The contrast between the Baileys’ salvaged raft and the industrial functionality of the Wolmi 306 illustrates the transition from a primal, self-reliant existence to a world of structured, communal dependency. The Baileys’ raft is a fragile extension of their own bodies, a tool for survival dependent on ingenuity and chance. The Wolmi, by contrast, is a machine of industry—worn and rusty, but powerful and purposeful. The crew’s methodical kindness marks the end of the Baileys’ complete self-sufficiency. When the crew pours the Baileys’ painstakingly collected rainwater back into the ocean, the act brings Maralyn to tears. This moment highlights the devaluation of their desperate efforts in a world of abundance. The raft is a world stripped of artifice, a space of intense privacy and autonomy. The Wolmi represents re-entry into an interdependent society, in which their unique survival skills are no longer necessary, but their story is suddenly valuable.
Part 4 opens with direct address from the narrator, a reflection on marriage as a voyage that culminates in being “stuck on a small raft with someone and trying to survive” (202). This literary device recasts the Baileys’ literal experience as a symbolic framework for long-term partnerships, in which mundane daily routines are valued only in retrospect, once misfortune arrives. By establishing this parallel, the text establishes the story as a heightened case study of marital dynamics under pressure. This philosophical preamble provides a lens for understanding the couple’s conflicting accounts of their time on the raft, transforming their story into one that explores the universal challenges of partnership.

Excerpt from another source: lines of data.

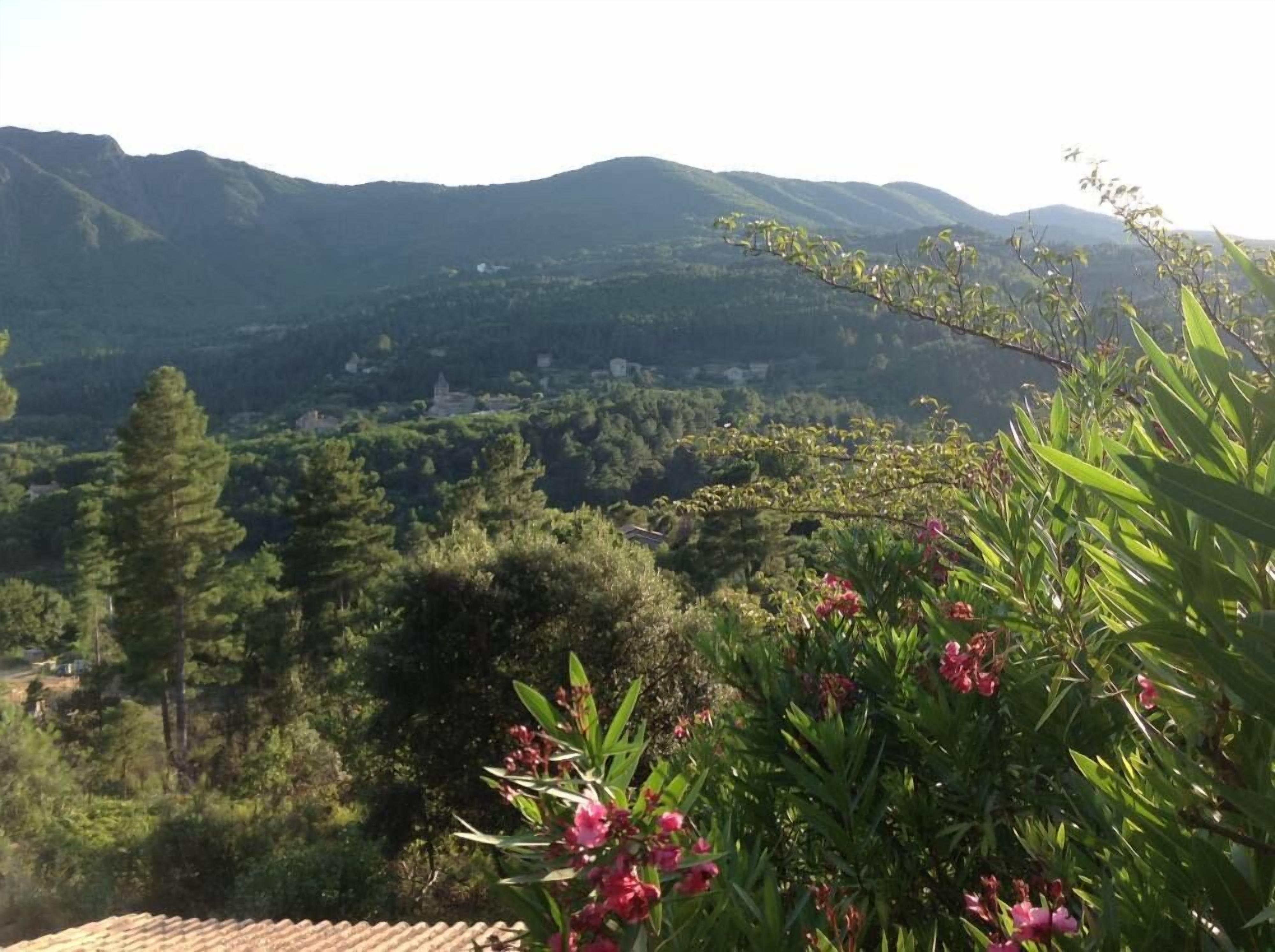 A mountainous landscape with dense forests and a few buildings in the distance.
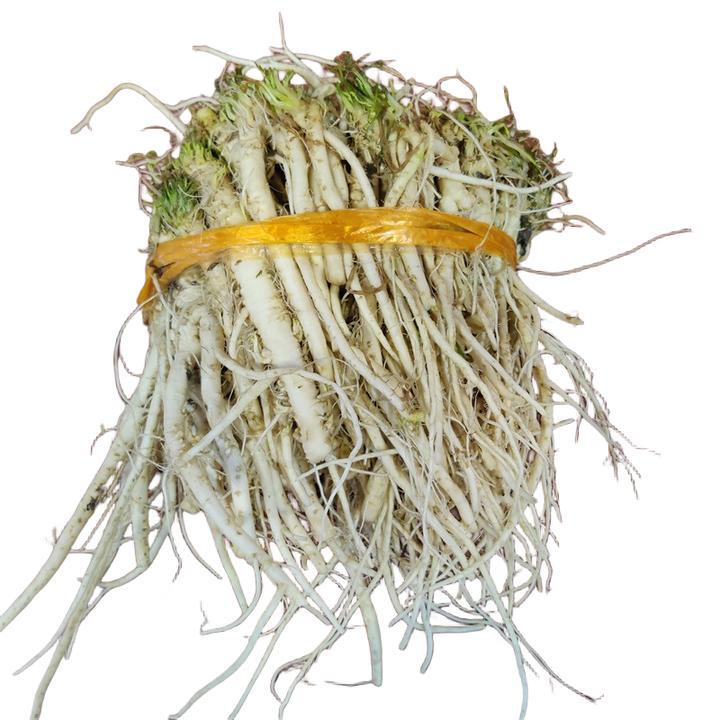 东北新鲜岗地根荠荠菜根五花肉炖土豆清洗干净发货一斤二斤包邮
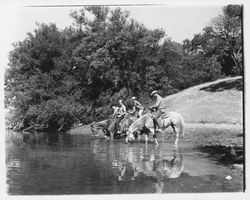 Horses drinking from Annie John Pond at Palomino Lakes, Cloverdale, California, 1961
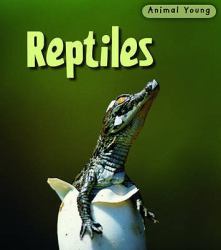 Reptiles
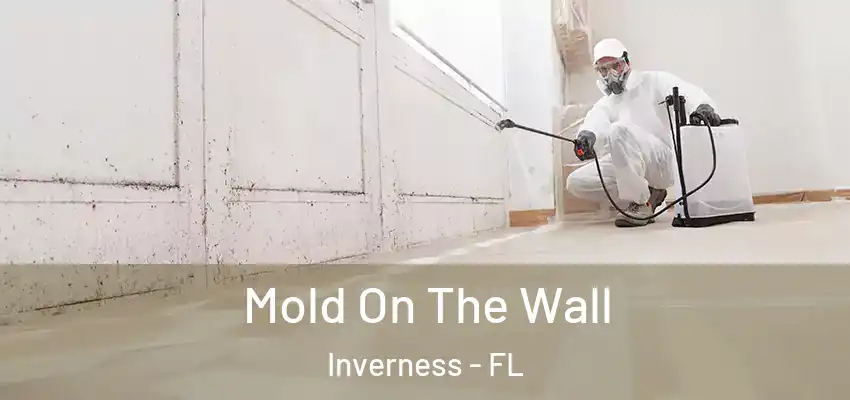  Mold On The Wall Inverness - FL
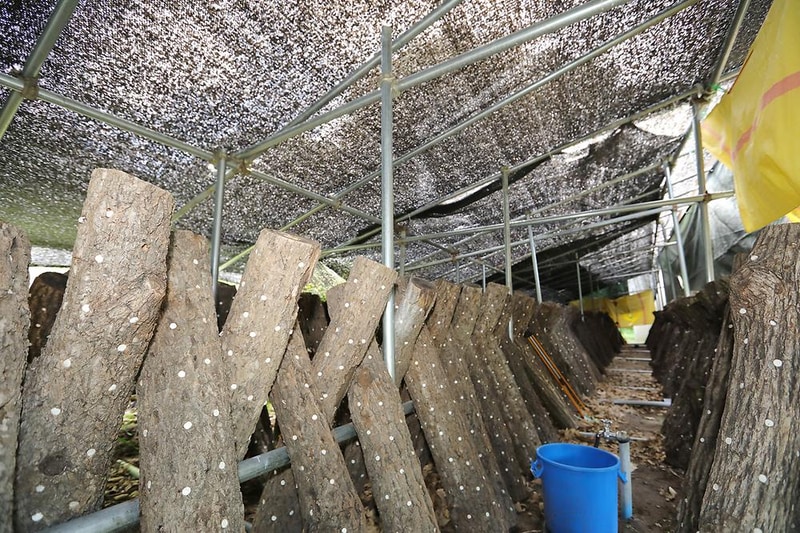 밤별캠핑장 시설 사진 3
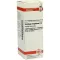 SOLIDAGO VIRGAUREA D 3-verdunning, 20 ml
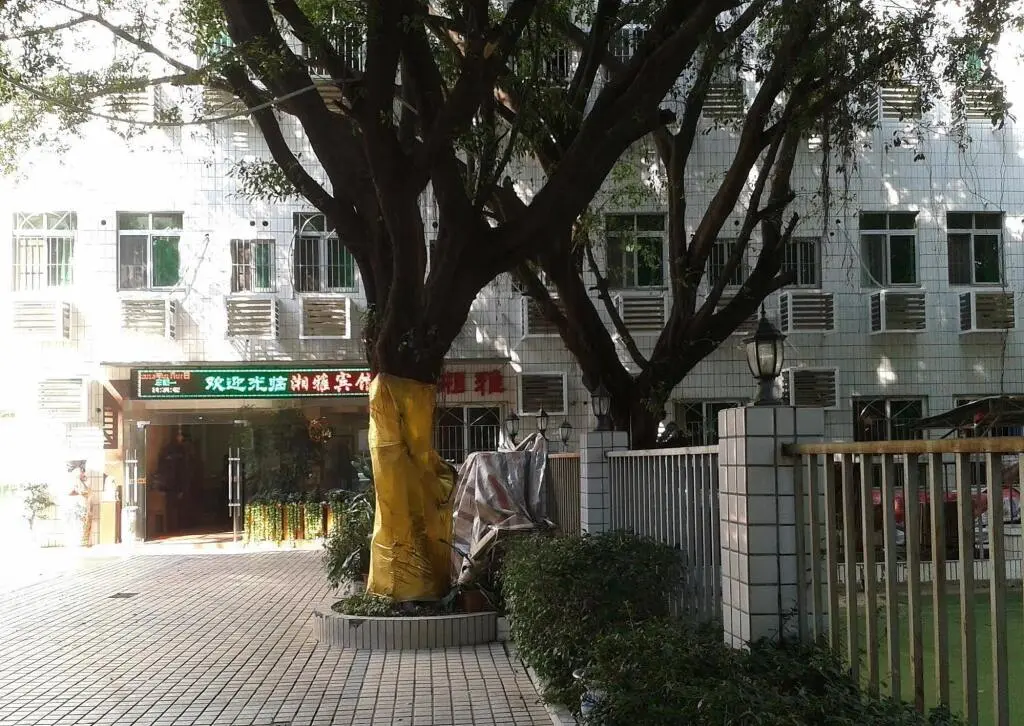 Шэньчжэнь: Xiangya Hotel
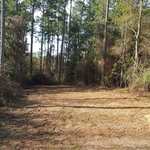 Lillian,Al.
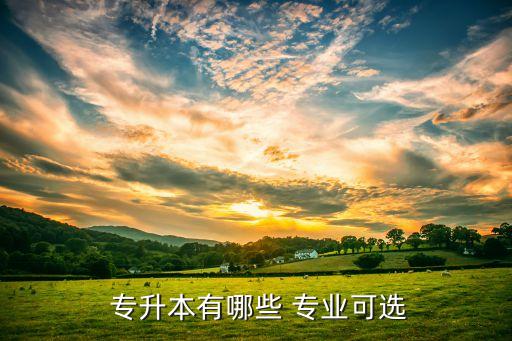  專(zhuān)升本有哪些 專(zhuān)業(yè)可選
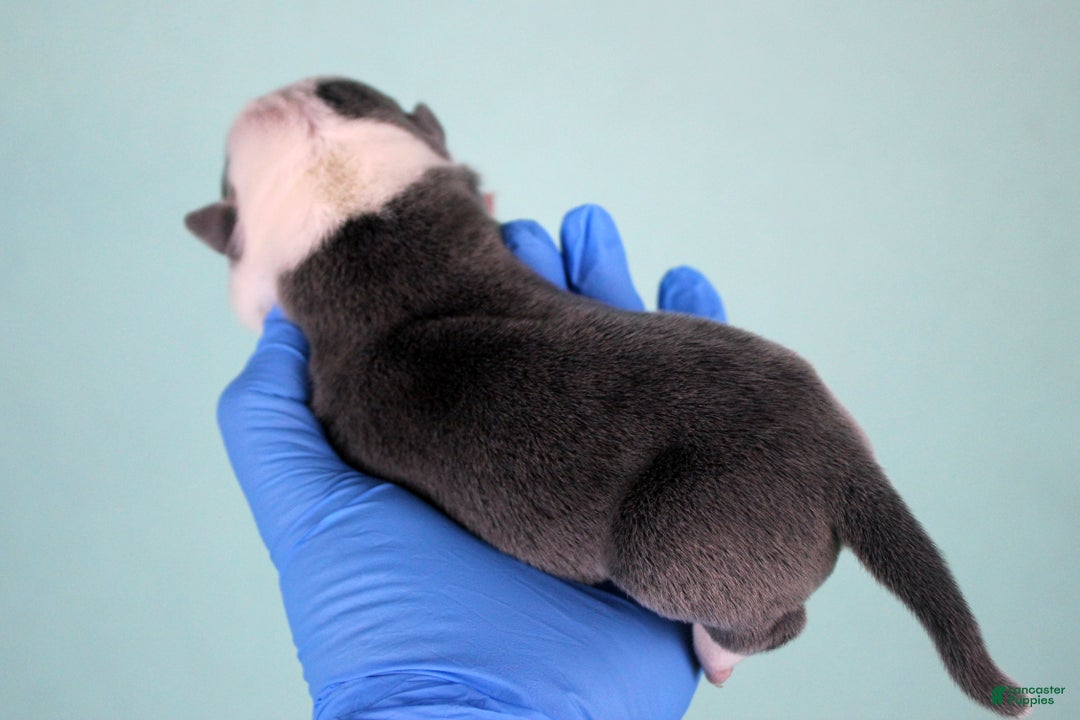 American Bully dogs for sale: White/Blue Male - Ad 3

The analysis of the Baileys’ relationship deconstructs the idea of interdependent survival, revealing Collaboration as Key to Survival. Maralyn’s public account presents an idealized vision of mutual support, describing their ordeal as a “team effort” where they “supported each other equally” (202). Maurice’s candid version, however, undercuts this; he admits that he did “all the flagging while [Maralyn] did all the bolstering” (202). Maralyn’s own words crystallize this imbalance when she explains that caring for Maurice became her “occupation” (203), keeping her from dwelling on her own needs. This reframes her role from partner to caretaker, whose purpose was forged in his vulnerability. The unequal dynamic established on the raft is thus presented as a defining feature of their life together, foreshadowing the void left in Maurice’s life after her death.